Behold, ATL Action for Racial Equity.

My question: is this the progressive version of Ralston’s legislative theater — something meant to project an image without actual substance — or a serious attempt to fix racial equity problems with the state’s economic prosperity on the line?

Because, hoo boy, do we have some equity problems.

Objective: Tell me which companies actually hire and promote Black people?

Georgia’s population grew by about 4 million people over the last 30 years – up by two-thirds. About half of that growth came from Black people moving here. Georgia’s Black population almost doubled over the same period of time, from 1.8 million to 3.5 million. And most of those Black people moved to metro Atlanta, looking for work in what they believed was a friendlier environment than where they came from.

If only it were so.

Affluent Black people live in metro Atlanta, but the inequality figures are plain: Black people here are generally doing far worse than white people. And even at the top, the inequality problem remains stark. Black executives remain fundamentally underrepresented in most of the major engines of Atlanta’s diversified economy.

The thing is, we don’t know which companies here are serious about hiring and promoting Black talent and which ones are skating under the radar.

Drill down into the executive ranks of these firms, and you find few Black business leaders, even though Microsoft, Apple, Google and other tech industry leaders appear ready to relocate major operations to Atlanta with the expressed purpose of recruiting a racially-diverse staff.

These tech firms believe that diversity and inclusion are a competitive advantage. More than 40 percent of the workforce under 40 is nonwhite, nationally. Millennials increasingly refuse to work for companies perceived as discriminatory. That perception is easy when almost everyone in charge is white. Large companies like Coca-Cola are beginning to make contracting decisions on the basis of the diversity and inclusion of partners.

Glassdoor will offer insider information about corporate culture, but it doesn’t publish diversity and inclusion statistics for each firm. We are left to rely on self-reported data and trawling through pages of LinkedIn photos to figure out how many nonwhite people work at a company.

The chamber’s initiative has a playbook for companies looking to improve their diversity and inclusion efforts.
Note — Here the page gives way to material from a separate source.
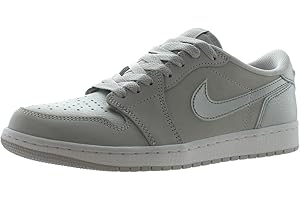 NIKE Air Jordan 1 Retro Low OG Mens' Shoes Neutral Grey/Metallic Silver (CZ0790 002)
But, critically, it doesn’t require any real rigor for reporting results. Nothing about the initiative so far suggests that it will report company-level numbers. I think that’s insufficient effort.

So. Over the next year, I plan to publish this diversity information, company by company, sector by sector.
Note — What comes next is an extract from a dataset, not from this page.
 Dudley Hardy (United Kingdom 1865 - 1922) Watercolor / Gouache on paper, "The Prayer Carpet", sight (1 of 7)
We will start with existing sources: public disclosures by firms that contract with the federal government, public declarations made in quarterly and annual reports and the figures provided by firms in their own diversity and inclusion activities. If the Chamber’s initiative pulls figures, we’ll publish them, too.

From there, we’ll look at what local recruiters, job placement firms and employment agents at Georgia State, Morehouse and the state’s workforce development agency know.

Then, we’ll start surveying firms directly. For those that aren’t interested in participating ... we’ll just go look, using a panel to classify employees by race using social media and gathering information from current employees. Once I have enough firms to provide a competitive landscape within a sector, I’ll publish findings.

The goal is to allow for comparisons between companies. If one company in a sector is a strong outlier for diversity – or the lack of it – it should be apparent.

My idea is simple. I’m not going to establish some kind of quota for nonwhite employment. I’m just going to show what’s happening now, and let the market figure itself out. Competitive herding effects should start to change firm behavior. Any firm at the bottom of the list as a statistical outlier is — at the very least — going to have to explain why it is doing so much worse than its peers. Hopefully, business partners and customers will see where a company ranks and make business decisions accordingly.

This is the nice way to get results.

It doesn’t look like it, of course. Compare it to the broken windows in the street.